## Task requirements
Write the data out again, exactly as given.

## Task material
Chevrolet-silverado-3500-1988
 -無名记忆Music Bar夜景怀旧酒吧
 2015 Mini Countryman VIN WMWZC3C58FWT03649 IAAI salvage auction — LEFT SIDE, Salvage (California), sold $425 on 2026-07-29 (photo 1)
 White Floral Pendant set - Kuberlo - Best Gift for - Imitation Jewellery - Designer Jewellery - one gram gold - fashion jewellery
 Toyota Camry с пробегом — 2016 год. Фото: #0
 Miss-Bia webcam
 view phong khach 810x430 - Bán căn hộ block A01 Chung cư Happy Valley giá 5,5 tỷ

## Solution to this task
Chevrolet-silverado-3500-1988
 -無名记忆Music Bar夜景怀旧酒吧
 2015 Mini Countryman VIN WMWZC3C58FWT03649 IAAI salvage auction — LEFT SIDE, Salvage (California), sold $425 on 2026-07-29 (photo 1)
 White Floral Pendant set - Kuberlo - Best Gift for - Imitation Jewellery - Designer Jewellery - one gram gold - fashion jewellery
 Toyota Camry с пробегом — 2016 год. Фото: #0
 Miss-Bia webcam
 view phong khach 810x430 - Bán căn hộ block A01 Chung cư Happy Valley giá 5,5 tỷ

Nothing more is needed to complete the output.